By Cole Parkinson
Vauxhall town council is continuing to evaluate the benefits Canadian Badlands brings to the municipality.
With Mayor Margaret Plumtree sitting on the board, she brought forward a question to council around whether or not they would be okay with financial compensation for drive time or mileage when attending meetings.
“Some committees, when you go onto their board, they pay you and others do not. It turns out Canadian Badlands is one that does not. I’m asking council if they would be interested in paying for either time or mileage for my attendance of the meetings,” said Plumtree, who offered to declare a pecuniary interest and step out of the room during discussion at council’s regular meeting on Aug. 20. “Right now, our policy is that I am allowed to go to any Canadian Badlands events but if I go and take on a separate committee, it has to go to council for approval.”
While councillors understood the request, many viewed it more as a way to gauge whether or not they wanted to continue as a member with Canadian Badlands.
“I’m not sure that is necessary (for Plumtree to step out). I think the real question comes down to if we feel it is important for us to be involved in Canadian Badlands, then we ought to be covering the expenses according to our policy for reimbursement, whichever councillor is involved.
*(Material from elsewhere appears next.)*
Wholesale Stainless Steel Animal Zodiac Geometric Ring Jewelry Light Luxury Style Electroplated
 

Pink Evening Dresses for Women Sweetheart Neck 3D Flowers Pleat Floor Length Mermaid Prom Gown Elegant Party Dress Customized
I think it is really that simple,” replied Deputy Mayor Richard Phillips. “You must believe it is bringing value otherwise you wouldn’t have volunteered to stand your name forward.”
In the town’s Council Remuneration Policy, meeting rates are one-hour minimum, $25 per hour, paid in 30-minute increments and to a max of $200. Attendance at appointed board, committee, foundation or society meetings are the same as committee of council meetings except that travel time is included in time durations.
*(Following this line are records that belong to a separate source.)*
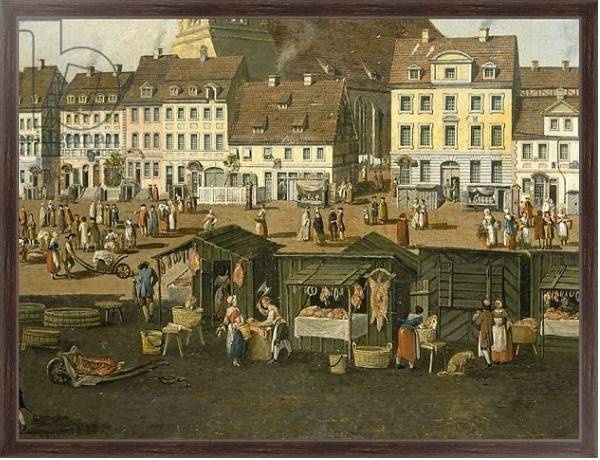 Постер The New Market in Berlin with the Marienkirche c.1770 с типом исполнения На холсте в раме в багетной раме 221-02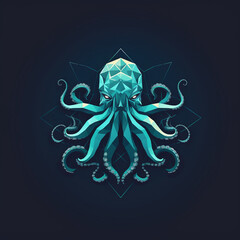 Canvas Print - illustration of an octopus with geometric shapes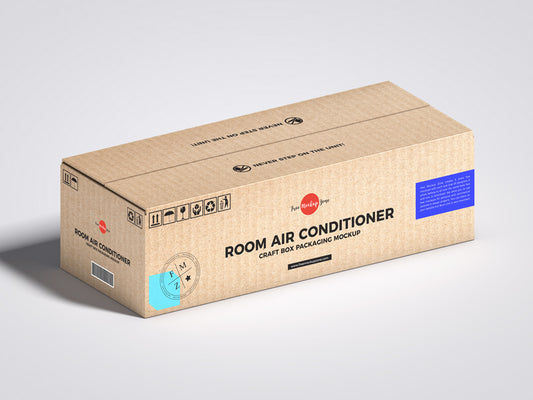 Free Room Air Conditioner Craft Box Packaging Mockup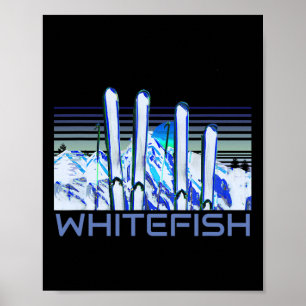 Poster Acessórios de Esqui Whitefish Retro Esqui Whitefis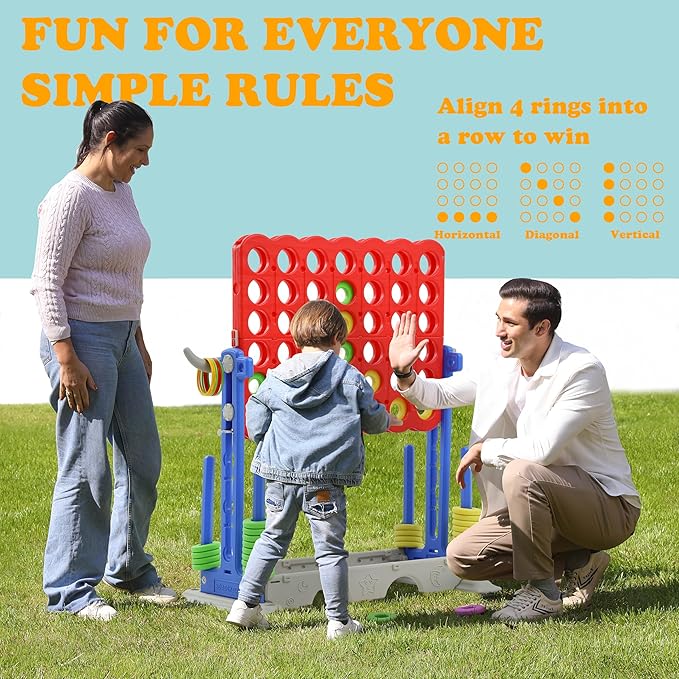 SDADI Height Adjustable 3-in-1 Giant 4 in a Row Connect Game, Jumbo 4-to-Score Game with Golf Game and Ring Toss Set, Indoor Outdoor Yard Game Party Game for Kids Adults and Family, Blue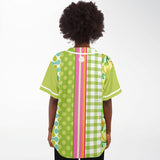 Green Anjou Pear Striped Patchwork Button Front Jersey Short Sleeve Button Down Shirt - Thathoodyshop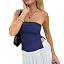D Navy Blue Slit Tube Top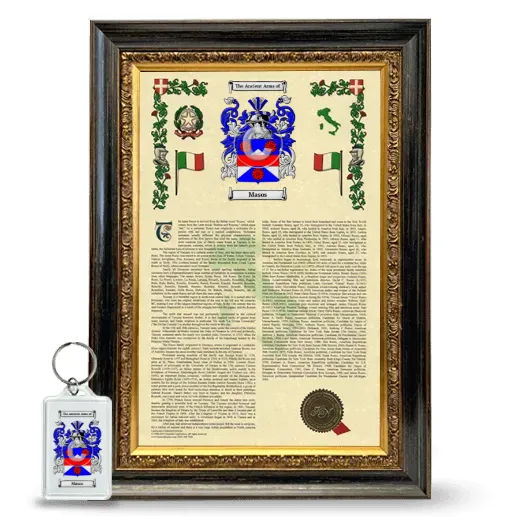 Masos Framed Armorial History and Keychain - Heirloom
“I’ll be as blunt and fair as possible. Being on it, will it bring a lot of benefits to Vauxhall? Honestly, I don’t know. What I am trying to do by being on the board is I am trying to get more things happening in the south and get more things happening in smaller communities. Canadian Badlands has decided they are only doing their big conference every second year instead of every year. With them doing smaller events, why can’t a place like Taber host it?” asked Plumtree. “Will it bring 100 per cent more tourism to Vauxhall? That I really can’t say.”
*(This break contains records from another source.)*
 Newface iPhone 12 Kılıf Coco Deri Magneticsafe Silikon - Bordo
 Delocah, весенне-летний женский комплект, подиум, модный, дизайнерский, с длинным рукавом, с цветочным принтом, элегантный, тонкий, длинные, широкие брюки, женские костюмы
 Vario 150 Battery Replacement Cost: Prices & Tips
As a community not full of tourist attractions, Phillips pointed to that fact as a reason not to expect high tourist numbers in the town.
“In the absence of a tourist attraction, it is hard to say we are going to have a lot of tourists in the area,” he explained.“My point is, simply, economic development and tourism are not synonymous. If you are somewhere close to some beautiful destination like Banff, your odds of drawing in tourist dollars are much greater than if you are a wonderful little business centre, which we are. We’re off the normal tourist path.”
As far as reimbursement for Plumtree attending the meetings, council was on board.
“My opinion is, I’m good with doing this for a while but I don’t necessarily think it is a four-year ticket to carry on. I think we need to re-evaluate after six, eight or 12 months and say are we really getting value out of this? If we are, carry on, if not, we haven’t invested too much,” said Phillips.
A motion was made and carried to cover time and mileage reimbursement and to re-evaluate in 2020.
Plumtree abstained from the vote and Coun. Ray Coad was absent from the meeting.